According to another embodiment, when the first RRC connection with the AP is disconnected, the AP transmits the UE context information to the second AP. For example, when the first RRC connection with the AP is disconnected, i.e. the connection with the anchoring device is disconnected, similarly, as the interactions between the second AP and the first AP described in reference to FIG. 3-5, the second AP will serve as a new anchoring device, which enables establishment of other RRC connections to the CN node with other APs via the second AP.

In the embodiments above, the UE context information is obtained from an AP serving as an anchoring device during the multi-connectivity establishment, instead of from the CN side or from the UE side, which will not a big burden for CN node and guarantees the safety of multi-connectivity at the same time.
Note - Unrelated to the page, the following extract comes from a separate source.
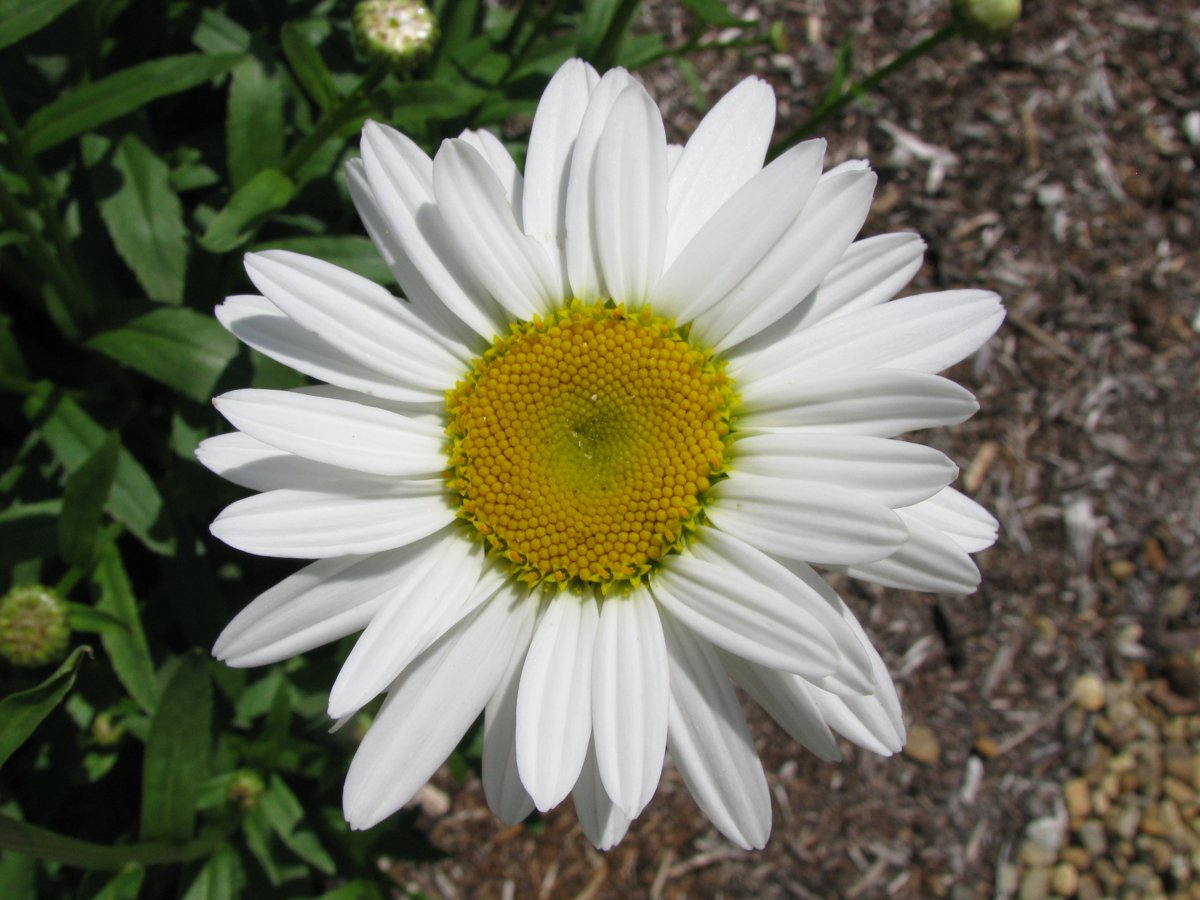 Shasta Daisy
According to yet another aspect of the present invention, a multi-connectivity communication system is provided, and illustrative block diagram of a communication system according to an embodiment of the invention will be described in reference to FIG. 8.

As shown in FIG. 8, the communication system comprises: a UE 810, a first AP 820, and a second AP 830. The UE 810 maybe, for example, any kind of wireless device such as a mobile phone, a cellular phone, a Personal Digital Assistant (PDA), a smart phone, a tablet, a laptop computer, a handheld device having wireless connection capability, or other devices connected to a CN, etc. The first and second APs 820, 830 may be, for example, an AN node, such as an eNB.

In the communication system as shown in FIG. 8, the UE 810 sets up a first RRC connection with a CN node (for example, CMGW) via a first AP 820. For example, a method as shown in FIG. 2 for establishing an RRC connection may be employed, so that the UE 810 sets up the first RRC connection with the CN node. The first AP 820 transmits to the UE 810 a notification that RAN anchoring function is supported by the first AP 820. For example, the notification from the first AP 820 to the UE 810 may be transmitted via system information or dedicated RRC signaling procedure.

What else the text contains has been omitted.